#### [WORK INSTRUCTIONS]
Quote every line from the top of the listing down to and including the line that contains "Türk basketbolunun efsane".

........

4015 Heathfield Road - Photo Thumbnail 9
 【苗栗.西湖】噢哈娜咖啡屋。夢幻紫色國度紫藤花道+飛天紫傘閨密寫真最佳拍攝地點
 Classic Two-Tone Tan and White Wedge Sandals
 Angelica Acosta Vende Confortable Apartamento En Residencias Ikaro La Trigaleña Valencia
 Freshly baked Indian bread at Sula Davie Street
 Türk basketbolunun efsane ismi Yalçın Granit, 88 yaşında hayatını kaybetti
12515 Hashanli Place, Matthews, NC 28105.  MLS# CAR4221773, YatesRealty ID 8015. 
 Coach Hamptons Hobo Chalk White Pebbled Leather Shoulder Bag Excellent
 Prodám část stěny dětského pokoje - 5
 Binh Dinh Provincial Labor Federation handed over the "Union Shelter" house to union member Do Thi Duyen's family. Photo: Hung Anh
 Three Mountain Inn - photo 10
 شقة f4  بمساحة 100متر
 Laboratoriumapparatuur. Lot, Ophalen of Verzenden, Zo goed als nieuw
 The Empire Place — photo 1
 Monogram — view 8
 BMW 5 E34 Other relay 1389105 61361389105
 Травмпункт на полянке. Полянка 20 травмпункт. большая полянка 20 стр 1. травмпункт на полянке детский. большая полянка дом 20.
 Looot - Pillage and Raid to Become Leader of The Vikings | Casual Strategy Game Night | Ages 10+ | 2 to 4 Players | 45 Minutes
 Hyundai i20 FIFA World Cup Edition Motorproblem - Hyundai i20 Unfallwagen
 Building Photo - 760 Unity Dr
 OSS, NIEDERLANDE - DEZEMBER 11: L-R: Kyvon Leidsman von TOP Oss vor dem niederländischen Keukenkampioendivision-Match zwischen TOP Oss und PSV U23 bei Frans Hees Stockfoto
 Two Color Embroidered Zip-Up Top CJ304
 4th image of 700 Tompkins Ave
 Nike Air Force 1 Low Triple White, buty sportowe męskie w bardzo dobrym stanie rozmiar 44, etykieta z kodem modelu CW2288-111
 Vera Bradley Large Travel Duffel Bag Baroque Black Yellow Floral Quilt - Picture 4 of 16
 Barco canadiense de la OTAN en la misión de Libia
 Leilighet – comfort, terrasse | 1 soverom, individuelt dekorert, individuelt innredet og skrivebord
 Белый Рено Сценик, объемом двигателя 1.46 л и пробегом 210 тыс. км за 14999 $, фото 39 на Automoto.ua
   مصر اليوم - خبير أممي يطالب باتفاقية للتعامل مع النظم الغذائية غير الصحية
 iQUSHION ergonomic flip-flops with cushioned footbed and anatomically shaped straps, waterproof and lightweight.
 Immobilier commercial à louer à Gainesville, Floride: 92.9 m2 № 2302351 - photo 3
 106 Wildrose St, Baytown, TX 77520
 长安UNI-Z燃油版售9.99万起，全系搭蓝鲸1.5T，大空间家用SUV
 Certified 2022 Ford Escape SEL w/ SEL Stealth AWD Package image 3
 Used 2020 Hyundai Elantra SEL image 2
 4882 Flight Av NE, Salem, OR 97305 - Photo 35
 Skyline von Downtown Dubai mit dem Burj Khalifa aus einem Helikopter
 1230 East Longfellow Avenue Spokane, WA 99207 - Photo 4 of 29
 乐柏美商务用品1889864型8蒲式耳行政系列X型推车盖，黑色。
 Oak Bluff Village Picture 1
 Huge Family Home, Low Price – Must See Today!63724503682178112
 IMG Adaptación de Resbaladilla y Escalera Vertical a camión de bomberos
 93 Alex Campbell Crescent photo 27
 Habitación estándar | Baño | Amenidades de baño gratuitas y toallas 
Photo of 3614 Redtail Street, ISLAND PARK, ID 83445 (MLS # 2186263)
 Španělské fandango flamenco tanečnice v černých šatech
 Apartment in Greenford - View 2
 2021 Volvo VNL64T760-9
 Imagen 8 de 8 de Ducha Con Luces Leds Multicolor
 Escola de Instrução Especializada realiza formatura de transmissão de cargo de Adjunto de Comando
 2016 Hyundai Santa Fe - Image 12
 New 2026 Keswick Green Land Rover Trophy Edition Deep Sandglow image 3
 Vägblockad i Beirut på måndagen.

........

#### [SOLUTION FOR THIS EXERCISE]
4015 Heathfield Road - Photo Thumbnail 9
 【苗栗.西湖】噢哈娜咖啡屋。夢幻紫色國度紫藤花道+飛天紫傘閨密寫真最佳拍攝地點
 Classic Two-Tone Tan and White Wedge Sandals
 Angelica Acosta Vende Confortable Apartamento En Residencias Ikaro La Trigaleña Valencia
 Freshly baked Indian bread at Sula Davie Street
 Türk basketbolunun efsane ismi Yalçın Granit, 88 yaşında hayatını kaybetti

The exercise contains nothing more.